ABOUT THIS EXERCISE.
Below are records to transcribe in full and unchanged; omit every picture.

PROVIDED DATA.

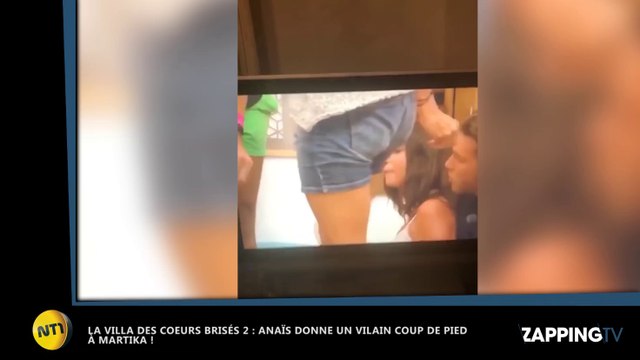 Anaïs Camizuli (La Villa 2) très violente avec Martika, la vidéo dévoilée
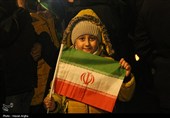 اجتماع زنجانی ها در شب شهادت حضرت علی(ع) در میدان انقلاب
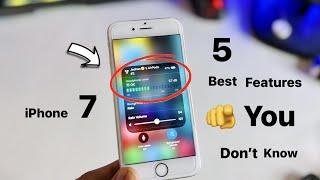 5 Secret Hidden features of iPhone 7 on IOS 15.7.8 - New features of IOS 15.7.8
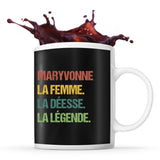 Mug Maryvonne la Déesse la Légende Vintage - Planetee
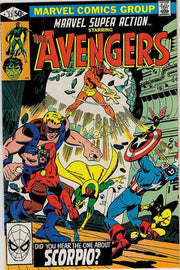 Marvel Super Action 1977 Series #33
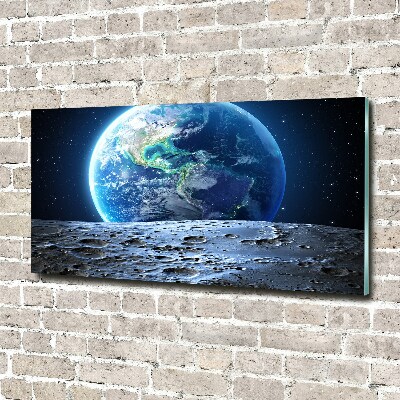 Acrylbild Fotodruck Planet Erde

SOLUTION TO THIS PROBLEM.
 Anaïs Camizuli (La Villa 2) très violente avec Martika, la vidéo dévoilée
 اجتماع زنجانی ها در شب شهادت حضرت علی(ع) در میدان انقلاب
 5 Secret Hidden features of iPhone 7 on IOS 15.7.8 - New features of IOS 15.7.8
 Mug Maryvonne la Déesse la Légende Vintage - Planetee
 Marvel Super Action 1977 Series #33
 Acrylbild Fotodruck Planet Erde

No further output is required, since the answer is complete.